:: RECORDS TO PROCESS

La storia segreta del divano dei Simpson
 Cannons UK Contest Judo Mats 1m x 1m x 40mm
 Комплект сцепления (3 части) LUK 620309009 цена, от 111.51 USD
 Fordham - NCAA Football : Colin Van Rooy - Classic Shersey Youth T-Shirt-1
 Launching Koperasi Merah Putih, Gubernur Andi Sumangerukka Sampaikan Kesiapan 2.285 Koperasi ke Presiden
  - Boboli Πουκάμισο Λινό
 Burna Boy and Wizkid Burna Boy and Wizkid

::::

◆ EXERCISE BRIEF
Only the span from the line with "Fordham - NCAA" through the final line of the records goes in the output, each line unchanged.

◆ EXPECTED ANSWER
 Fordham - NCAA Football : Colin Van Rooy - Classic Shersey Youth T-Shirt-1
 Launching Koperasi Merah Putih, Gubernur Andi Sumangerukka Sampaikan Kesiapan 2.285 Koperasi ke Presiden
  - Boboli Πουκάμισο Λινό
 Burna Boy and Wizkid Burna Boy and Wizkid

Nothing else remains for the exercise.